--- Exercise requirements ---
Within the records below is a range that opens at the line with "découvrez les étapes" and closes at the line with "Чорний Ленд Ровер". Return that range word for word, both ends included, and only that range.

--- Dataset records ---
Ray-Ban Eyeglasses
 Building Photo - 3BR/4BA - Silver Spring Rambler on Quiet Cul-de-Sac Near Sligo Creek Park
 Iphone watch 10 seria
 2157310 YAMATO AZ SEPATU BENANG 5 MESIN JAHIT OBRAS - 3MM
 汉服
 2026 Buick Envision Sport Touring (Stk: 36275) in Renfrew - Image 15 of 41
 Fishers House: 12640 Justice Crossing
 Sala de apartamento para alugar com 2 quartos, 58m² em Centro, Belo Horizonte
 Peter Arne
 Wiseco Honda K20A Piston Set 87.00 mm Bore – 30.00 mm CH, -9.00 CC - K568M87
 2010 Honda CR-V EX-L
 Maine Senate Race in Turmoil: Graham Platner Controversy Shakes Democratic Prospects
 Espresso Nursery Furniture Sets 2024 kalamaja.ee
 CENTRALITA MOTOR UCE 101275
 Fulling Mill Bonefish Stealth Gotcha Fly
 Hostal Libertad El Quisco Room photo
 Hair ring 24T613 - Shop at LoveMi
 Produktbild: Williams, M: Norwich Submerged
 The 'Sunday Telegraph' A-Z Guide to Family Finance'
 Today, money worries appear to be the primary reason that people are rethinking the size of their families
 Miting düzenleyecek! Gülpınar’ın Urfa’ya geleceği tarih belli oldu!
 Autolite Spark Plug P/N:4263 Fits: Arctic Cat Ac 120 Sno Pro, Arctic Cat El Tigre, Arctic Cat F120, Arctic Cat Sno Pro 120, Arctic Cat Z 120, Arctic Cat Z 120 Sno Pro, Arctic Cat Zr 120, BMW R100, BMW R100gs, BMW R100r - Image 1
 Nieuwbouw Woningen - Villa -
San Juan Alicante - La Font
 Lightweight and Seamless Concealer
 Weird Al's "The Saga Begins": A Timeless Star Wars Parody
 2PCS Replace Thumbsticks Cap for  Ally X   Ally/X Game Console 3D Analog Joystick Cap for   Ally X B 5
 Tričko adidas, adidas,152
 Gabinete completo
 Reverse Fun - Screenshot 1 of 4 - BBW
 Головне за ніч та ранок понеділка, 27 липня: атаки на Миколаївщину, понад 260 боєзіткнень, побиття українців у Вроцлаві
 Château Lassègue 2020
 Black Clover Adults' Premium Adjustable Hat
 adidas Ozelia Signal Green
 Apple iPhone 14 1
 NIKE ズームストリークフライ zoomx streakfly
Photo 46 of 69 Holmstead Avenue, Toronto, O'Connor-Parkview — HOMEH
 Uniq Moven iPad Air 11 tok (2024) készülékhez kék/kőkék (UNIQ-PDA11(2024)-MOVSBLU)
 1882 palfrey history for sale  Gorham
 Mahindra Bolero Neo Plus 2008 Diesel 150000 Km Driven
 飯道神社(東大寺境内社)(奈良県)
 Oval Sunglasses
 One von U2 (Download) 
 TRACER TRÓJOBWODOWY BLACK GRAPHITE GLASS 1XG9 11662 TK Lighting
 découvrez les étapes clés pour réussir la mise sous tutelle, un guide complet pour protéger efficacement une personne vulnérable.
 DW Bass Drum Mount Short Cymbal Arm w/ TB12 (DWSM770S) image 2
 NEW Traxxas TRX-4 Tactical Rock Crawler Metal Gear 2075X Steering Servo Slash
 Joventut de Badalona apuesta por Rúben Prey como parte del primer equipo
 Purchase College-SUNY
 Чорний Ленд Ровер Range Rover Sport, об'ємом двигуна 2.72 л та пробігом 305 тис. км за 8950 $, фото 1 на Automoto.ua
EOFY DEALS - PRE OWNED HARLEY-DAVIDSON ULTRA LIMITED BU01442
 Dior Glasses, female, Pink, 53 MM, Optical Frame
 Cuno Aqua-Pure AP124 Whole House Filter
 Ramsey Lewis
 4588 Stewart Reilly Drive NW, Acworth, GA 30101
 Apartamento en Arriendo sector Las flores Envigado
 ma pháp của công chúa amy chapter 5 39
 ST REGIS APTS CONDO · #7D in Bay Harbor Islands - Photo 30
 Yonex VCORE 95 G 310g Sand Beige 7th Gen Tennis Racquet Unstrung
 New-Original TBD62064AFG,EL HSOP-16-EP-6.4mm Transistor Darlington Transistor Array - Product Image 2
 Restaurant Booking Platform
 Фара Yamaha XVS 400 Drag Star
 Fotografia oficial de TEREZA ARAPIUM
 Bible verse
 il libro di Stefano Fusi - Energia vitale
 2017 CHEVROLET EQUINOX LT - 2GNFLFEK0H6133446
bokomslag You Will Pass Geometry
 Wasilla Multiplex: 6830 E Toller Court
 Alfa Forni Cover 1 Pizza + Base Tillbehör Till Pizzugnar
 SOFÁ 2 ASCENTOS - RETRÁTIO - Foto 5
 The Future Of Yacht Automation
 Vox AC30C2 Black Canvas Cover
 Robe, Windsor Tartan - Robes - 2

--- Task output ---
 découvrez les étapes clés pour réussir la mise sous tutelle, un guide complet pour protéger efficacement une personne vulnérable.
 DW Bass Drum Mount Short Cymbal Arm w/ TB12 (DWSM770S) image 2
 NEW Traxxas TRX-4 Tactical Rock Crawler Metal Gear 2075X Steering Servo Slash
 Joventut de Badalona apuesta por Rúben Prey como parte del primer equipo
 Purchase College-SUNY
 Чорний Ленд Ровер Range Rover Sport, об'ємом двигуна 2.72 л та пробігом 305 тис. км за 8950 $, фото 1 на Automoto.ua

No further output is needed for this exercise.